- Opening Delimiter -
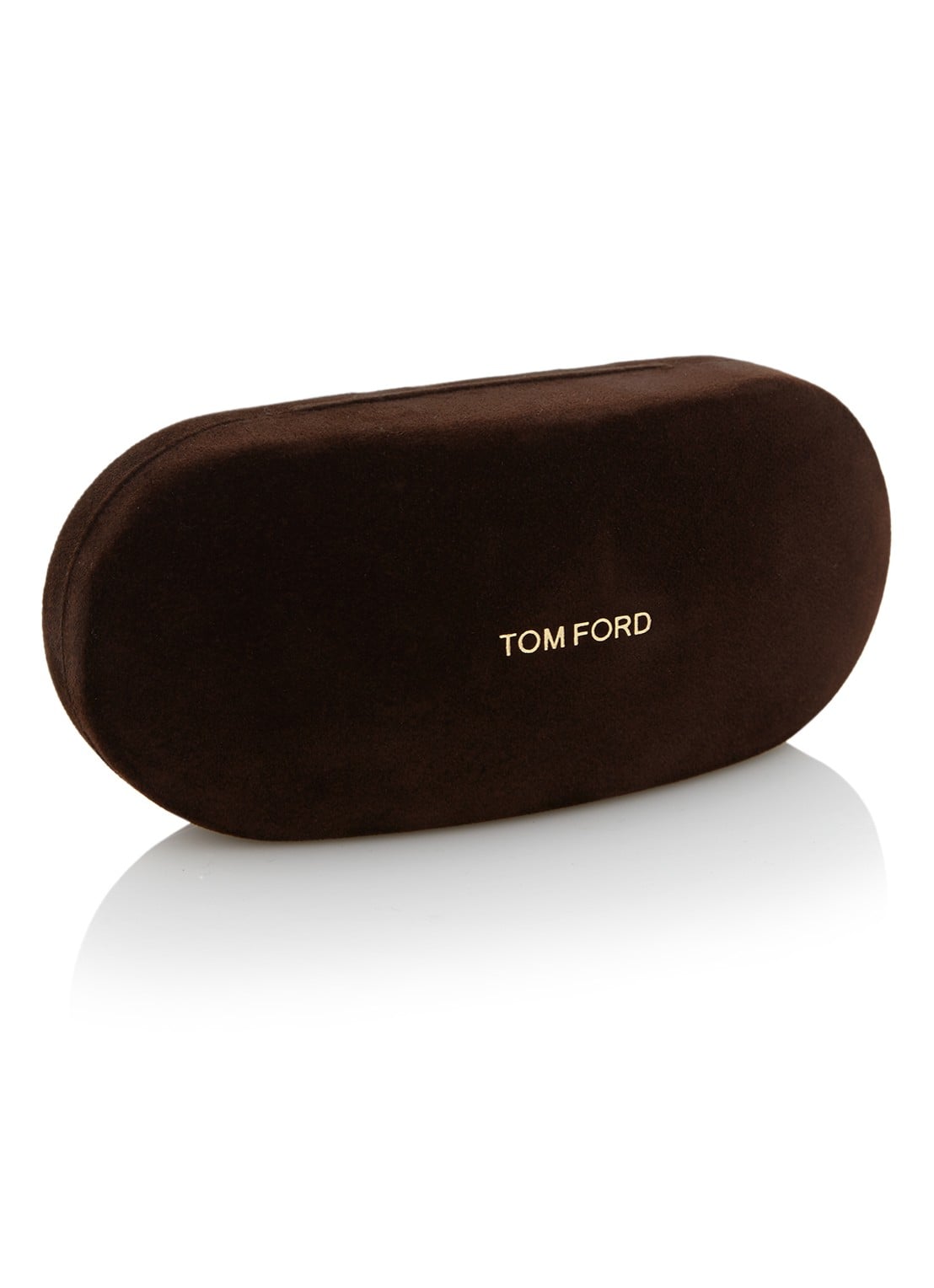 TOM FORD Jacob zonnebril FT0447 - detail 3 zwart
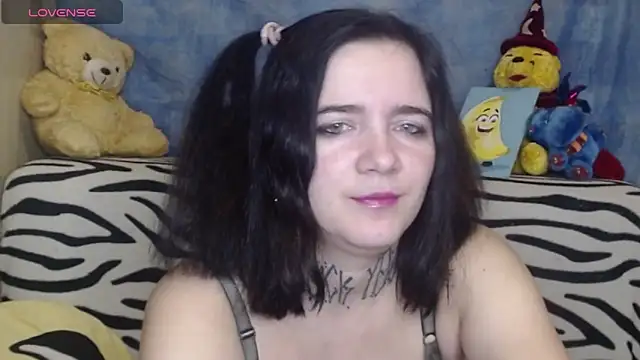 Yours good mood online show from December 22, 2024, 4:17 am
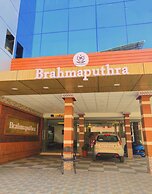 Hotel Brahmaputhra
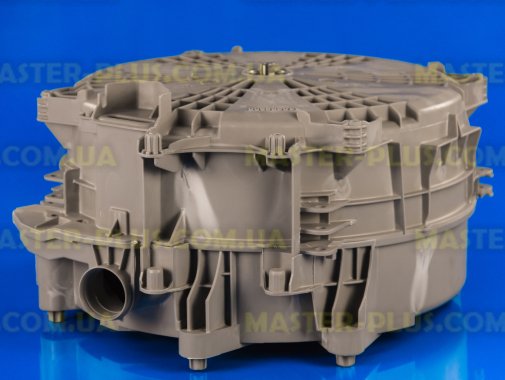 Бак з барабаном в зборі Electrolux 3315060008 Original для пральної машини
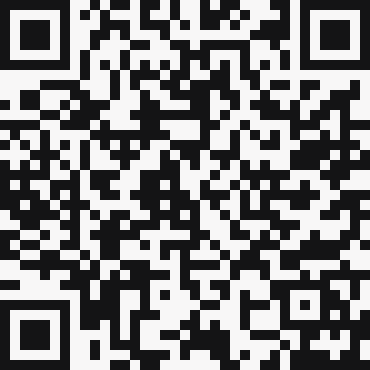 امسح للحصول على الرابط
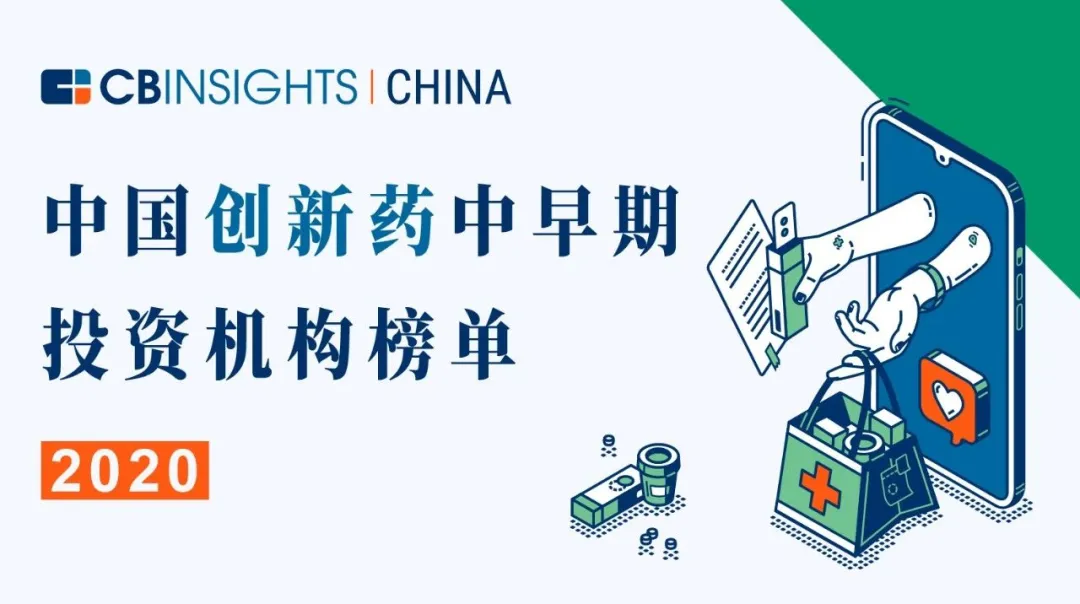 日韩欧美一区二区三区免费观看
- Closing Delimiter -
*YOUR TASK*. Each record should be given again exactly, with no picture carried over.

*WRITTEN ANSWER*.
 TOM FORD Jacob zonnebril FT0447 - detail 3 zwart
 Yours good mood online show from December 22, 2024, 4:17 am
 Hotel Brahmaputhra
 Бак з барабаном в зборі Electrolux 3315060008 Original для пральної машини
 امسح للحصول على الرابط
 日韩欧美一区二区三区免费观看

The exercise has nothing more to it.